Typically, drum corps have three sections: percussion, brass and color guard. Their 11-minute performances are similar to marching band halftime shows, but are more theatrical and intricate. Judges award points for the quality of the music and visual and general effects. Tenths of a point can determine who walks away with a prize.
DCI divides the corps into three divisions based on criteria such as size and program strength, according to its website. World Class houses the top corps, including San Antonio’s Crossmen. Genesis and the Houston-based Guardians compete in Open Class with the smaller and generally younger corps. International corps have their own division.
This year’s tour will culminate in the weeklong world championships series in August in Indianapolis.
In 2013, Genesis made its first appearance in the World Class semifinals with a show that blended the musicals “The Wizard of Oz” and “The Wiz.” Corps members scurried across the field fluidly forming ovals, diamonds and the letter “Z” encircled by a rotating “O” of brass players. Color guard members swirled brightly colored flags. Even so, Genesis finished 23rd that year and has yet to make the finals.
“We brought to life a production that we felt would tell our story, and we got great praise for it,” visual supervisor Josh Gall said. “So we’re sort of doing that with this [year’s] show,” “The Phantom of the Opera.”
Back at training camp in Bastrop, 20-year-old bass drummer Kevin Torres and the battery — half of the percussion unit consisting of cymbals and bass, tenor and snare drums — marched in a precise square in the parking lot. Beads of sweat dotted their foreheads.
“We are chasing perfection,” Torres, a Texas State University sophomore, said later. “We are working for that every single day.”
Genesis education director Ed Gobbel said the strict rehearsal routine adds to the corps’ educational mission.
“They understand what it’s like to push through … the pain and… the frustration … until they get to the other side and realize that they’re so ahead of what everyone else is doing,” Gobbel said. “And just because they put their heads down and they went for it.”
Filippone, the head drum major, has one more season before he hits 21 and is too old for the corps.

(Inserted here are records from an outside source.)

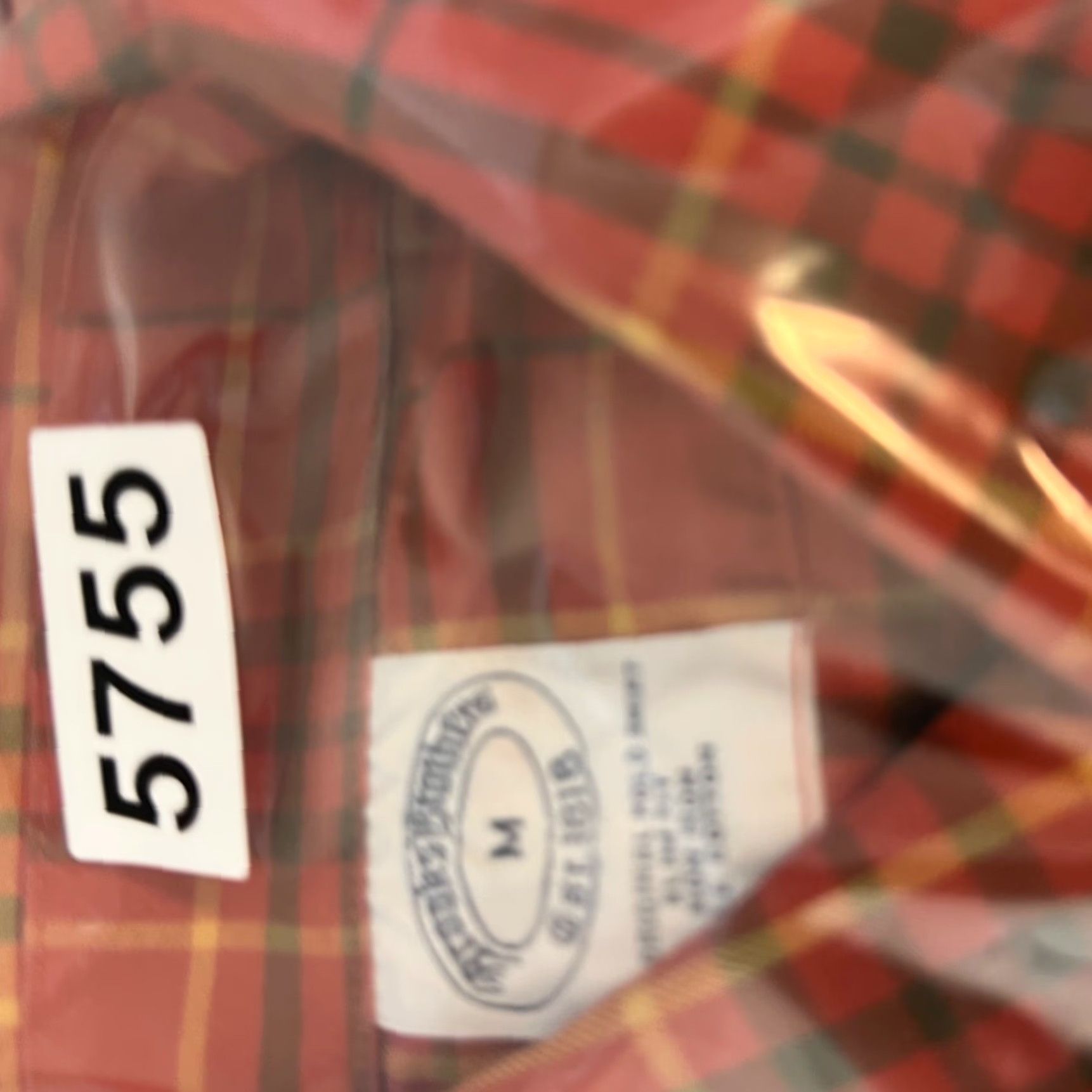 Brooks Brothers Brooks Brothers Mens Medium Slim Fit Non-Iron Plaid Button-Down Shirt Orange Red Size US M / EU 48-50 / 2 - 6 Thumbnail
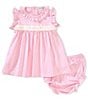Kissy Kissy Baby Girls Flutter-Sleeve Miniature Roses Fit & Flare Dress, Color:Pink - Image 1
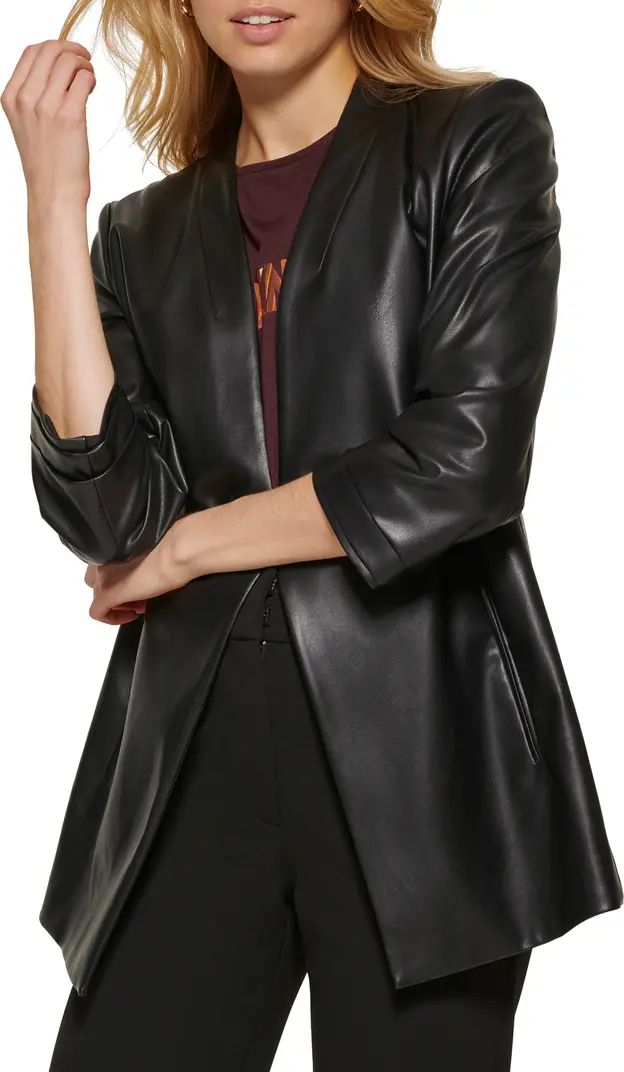 DKNY Ruched Sleeve Faux Leather Blazer | Nordstrom | Nordstrom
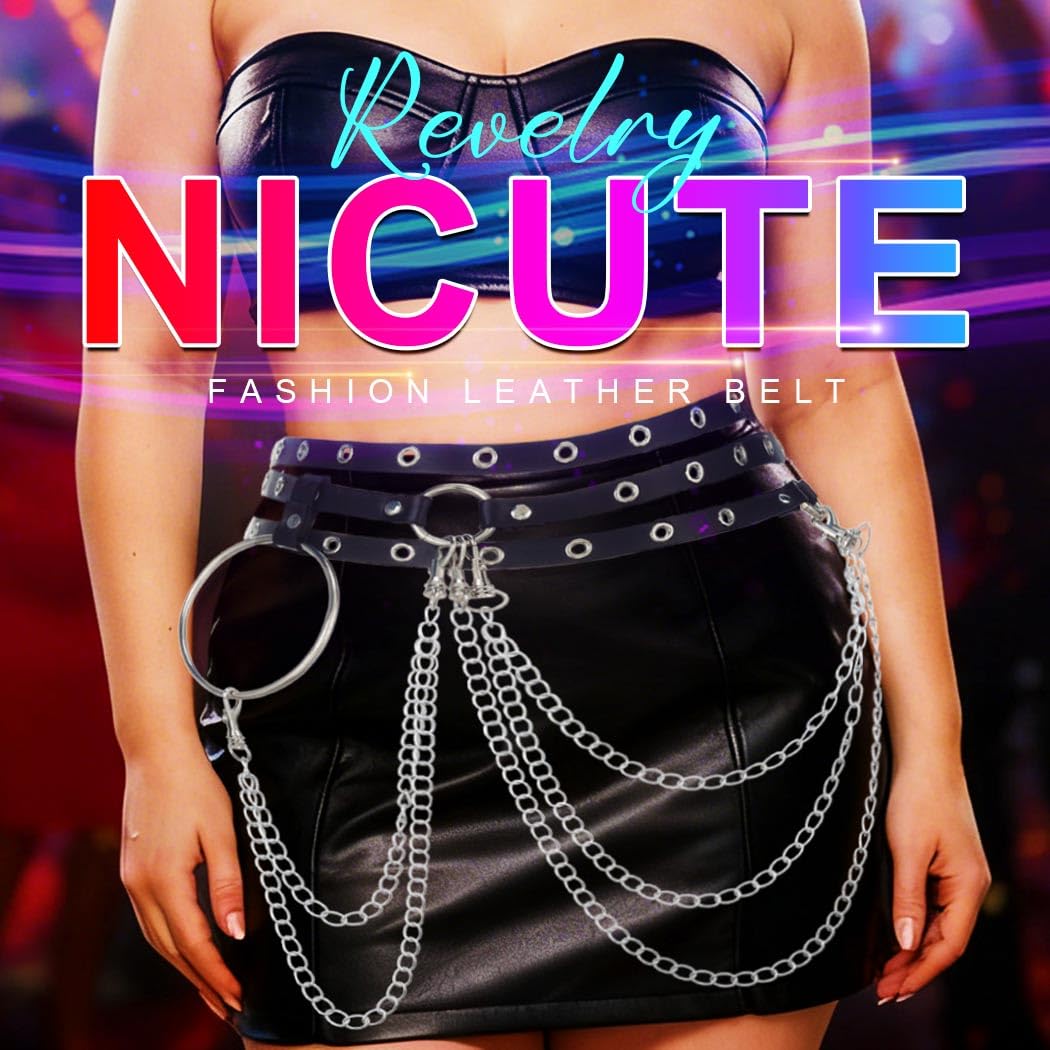 Nicute Chain Belt Black Punk Leather Waist Chain Belt Rave Accessories for Women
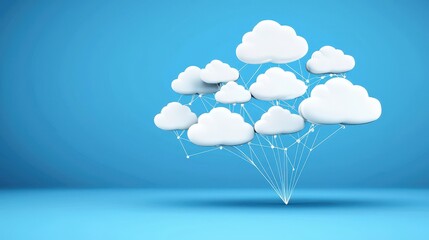 Poster - A conceptual cloud connecting AI nodes processing vast amounts of files.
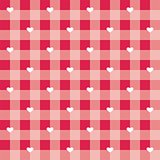 Seamless sweet red valentines vector background - checkered pattern or grid texture with white hearts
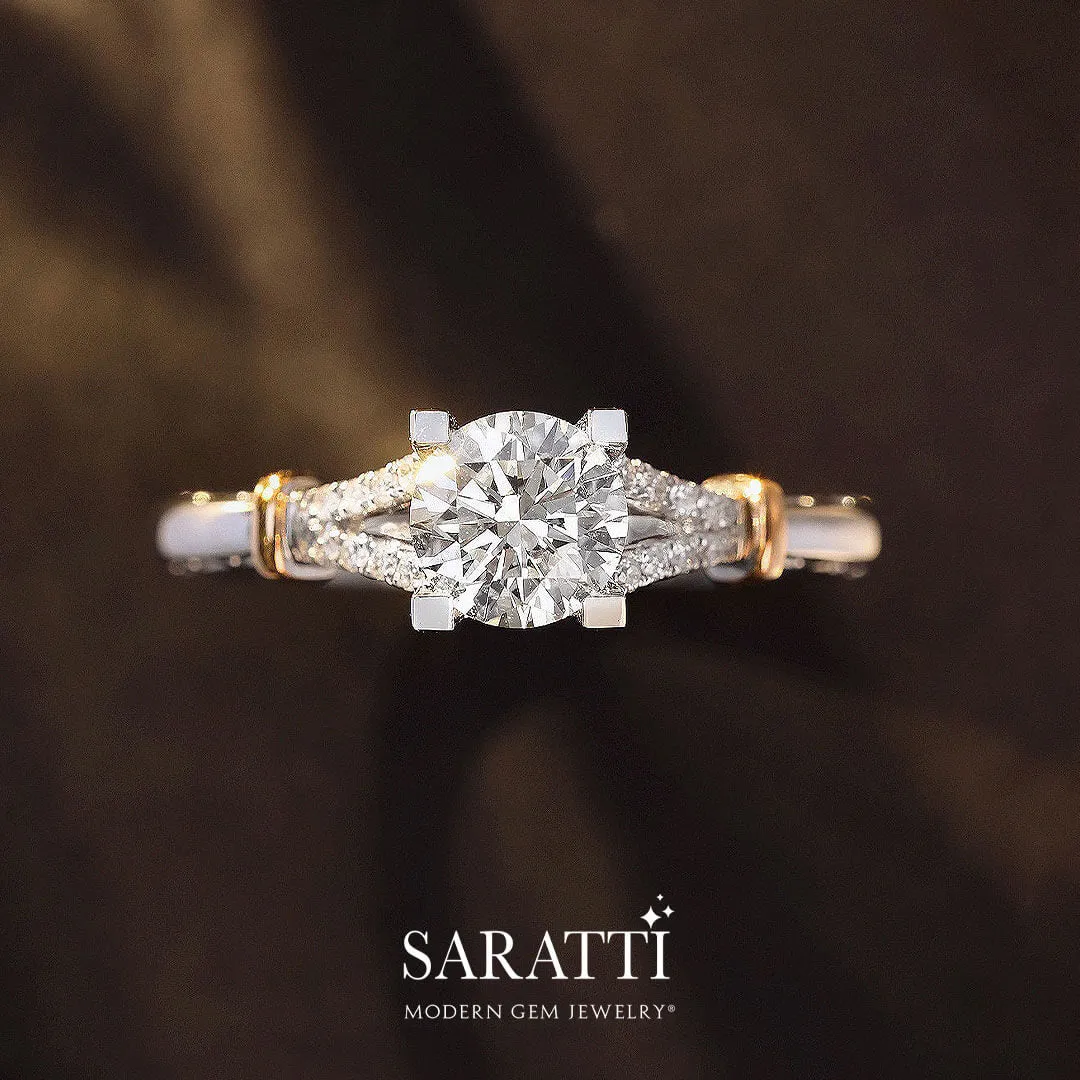 Noemie - 0.6-Carat Round Split Shank Diamond Engagement Ring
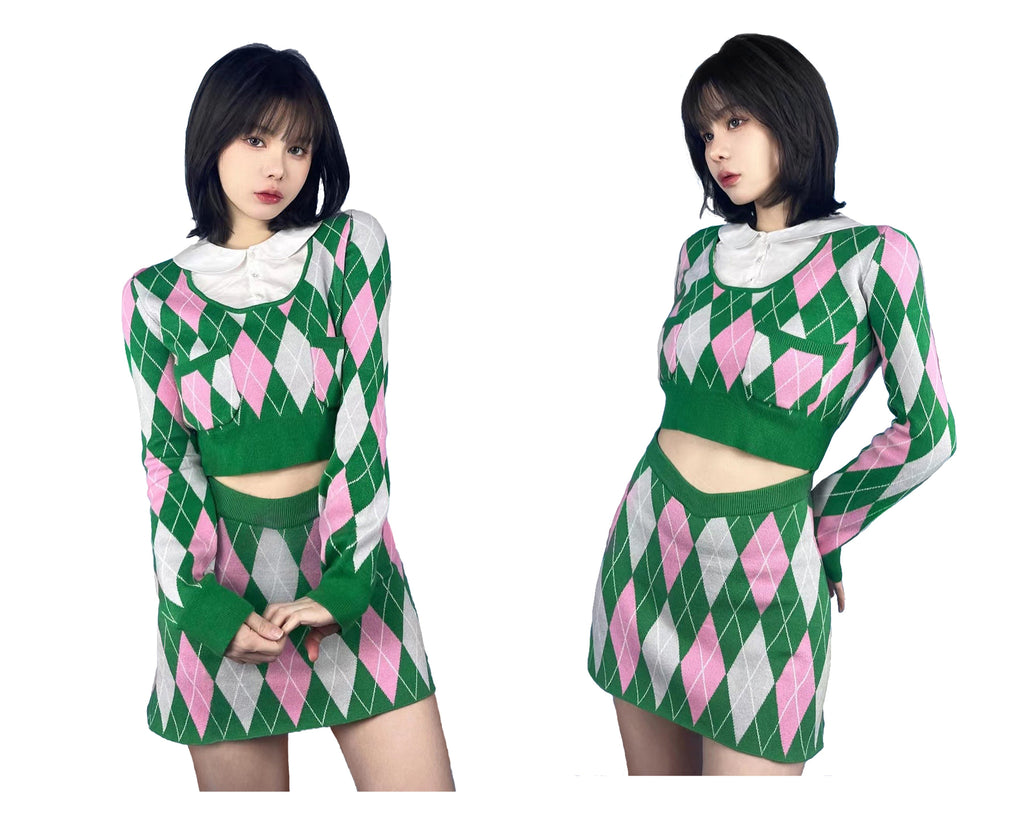 [Nakiss Official] Run Sweetie Run Gingham Knit Set - Premium Clothing from Nakiss - Just $38.90! Shop now at Peiliee Shop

The UT-Austin computer science junior said he plans to enlist in the Navy after graduation. He craves the military structure on which DCI is based, he said.
That much was clear at the Bastrop camp when Filippone’s white gloves moved in sync with the metronome. All that seemed to matter then was “The Phantom of the Opera” and the summer tour.
“If you’re not feeling it while you’re playing it,” Filippone said, “there’s no way the audience is going to feel it.”